With a string of a few words and a smile, the small talk begins anew.
Small talk is not one of my favorite pastimes and I certainly thought I had experienced the worst of it after all those “getting-to-know-you” questions freshman year. You know the ones I’m referring to: major, hometown, dorm, study abroad plans, etc.
I naively assumed that attending college on a small campus would mean less small talk. After all, there are only so many people you can get to know, right? Wrong.
Pepperdine’s “forever freshman” phenomenon means we are all constantly meeting new people, making introductions and engaging in the all-too-well known small talk shakedown. Whether you are a first-year new to campus, a sophomore studying abroad (or staying in Malibu), a junior returning home to a new group of people, or a senior getting to know a new freshman class or reconnecting with old friends, it’s inevitable. Pepperdine’s student population is constantly shifting and fluxing, creating the perfect breeding ground for these quick conversations filled with small details you are bound to forget.
Traveling to London to study abroad this year put me in the unique position of having to start over from square one with many people I somehow never met. While trying to fall back asleep on one of my jet-lag ridden nights, I came to a realization: Small talk isn’t actually that bad, and it’s definitely not pointless.
Each small conversation I could recall helped fill in just a little bit more of each individual’s personality. Even though I did not know that much about them, the important thing was they were no longer strangers to me. If anything, at this moment at some ungodly hour of the morning, I was able to see past the social awkwardness of small talk and view it as a way of opening doors and creating relationships.
It’s a struggle and it can be awkward. Very few people really enjoy it, me included. But it’s important.
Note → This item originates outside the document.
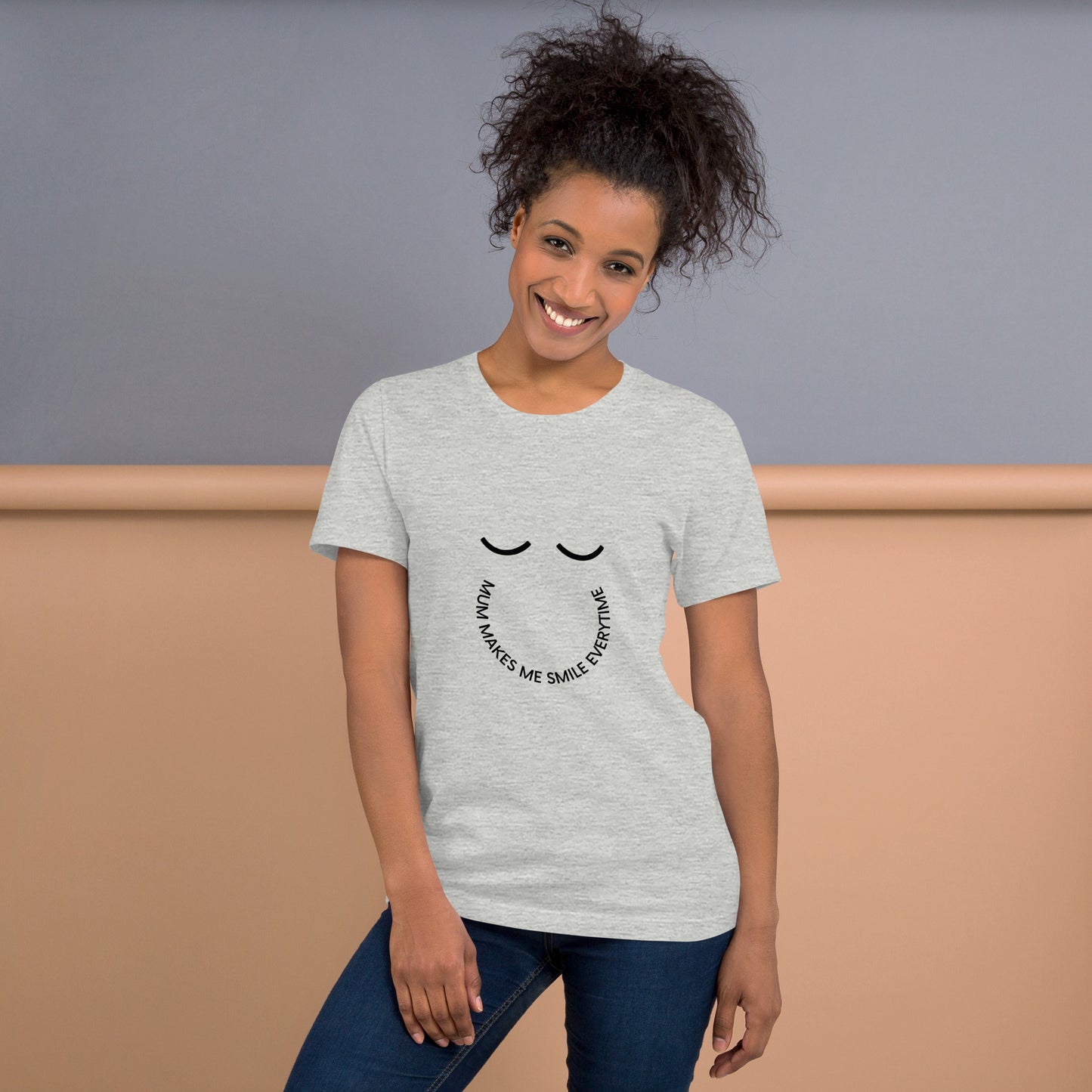 Mum makes me smile  t-shirt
Even if the act of small talk itself is a bit frustrating and the content of the conversations seems shallow and inconsequential, the reasoning behind it is what really counts.
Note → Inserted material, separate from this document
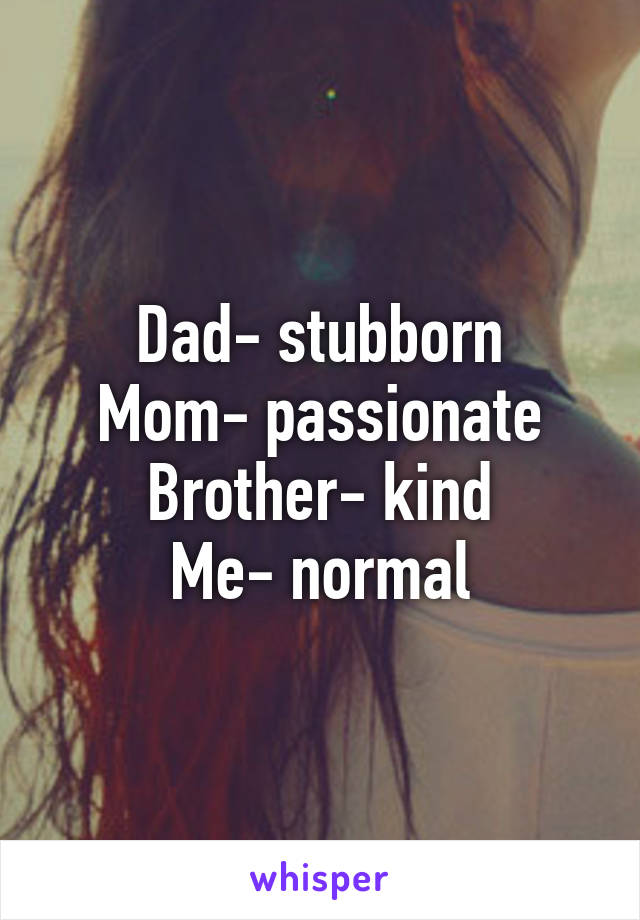 Dad- stubborn
Mom- passionate
Brother- kind
Me- normal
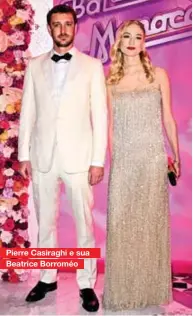  ?? ?? Pierre Casiraghi e sua Beatrice Borroméo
When people attempt small talk, it is about reaching out to someone, and trying to get to know them better. Even if you only learn a few of the things they did today or plan to do in the future. You may only learn some basic facts about them: they have x number of siblings and a dog, and they hate hot weather. These trivial details help fill in a picture of who they are, and that’s something. That’s a start.
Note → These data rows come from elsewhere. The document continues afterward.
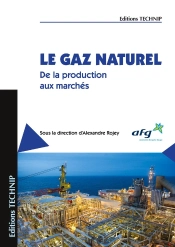 Le Gaz Naturel ; De La Production Aux Marchés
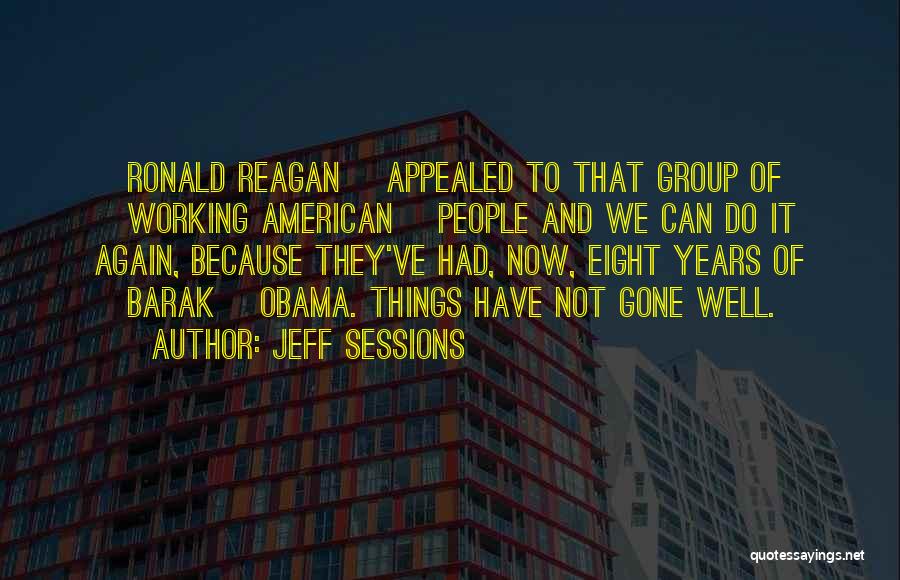 Jeff Sessions Quotes: [ronald Reagan] Appealed To That Group Of [working American] People And We Can Do It Again, Because They've Had, Now,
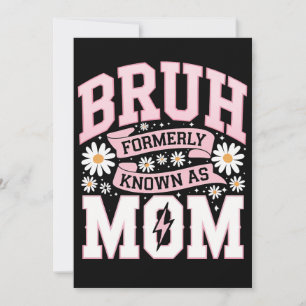 Invitación Bruh antes conocida como el Día de la Madre
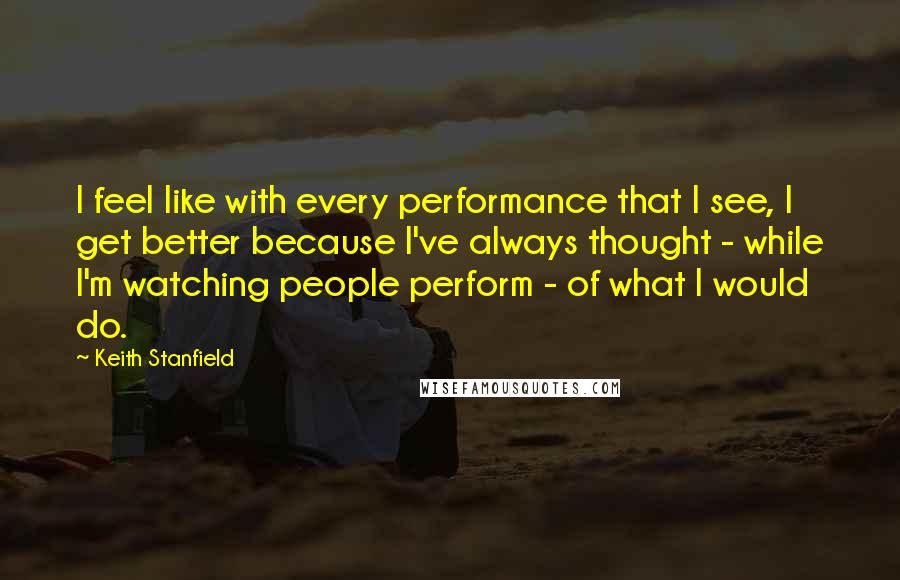 Keith Stanfield Quotes: I feel like with every performance that I see, I get better because I've always thought - while I'm watching people perform - of what I would do.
Actually, according to a study by Andrew Steptoe of University College London, small talk may help combat isolation and loneliness as well as extend a person’s life. In a pool of 6,500 participants age 52 or older, 21.9 percent of participants considered highly socially isolated died within seven years of the study, while those who had some contact with others, even small conversations, fared much better at 12.3 percent. The study found that social contact – even if it’s not the kind born of deep emotional connection – is extremely important to living a healthy life.
So small talk may not just be a short and shallow conversation that you have with people you don’t know too well just to fill the awkward silence. Talking to each other, even if it is about small things like seemingly random personal facts, shows that we have an interest in each other as people – an interest in getting to know each other so we can move past the trite nature of small talk and turn it into something deeper. Or, at the very least, it conveys an interest in being connected to one another as human beings, if only for just a few minutes.
I don’t mean to say that small talk should be lauded or embraced. I still think it is, at the very least, a bit annoying and that’s fine. But I do think we should change how we think about it as a social phenomenon; as a stepping stone to bigger things in addition to a quick way to fill the silence.
Maybe, instead of focusing on how shallow and superficial small talk can be, we might be better off embracing it and spending our time thinking of better opening lines than, “Lovely weather we’re having.”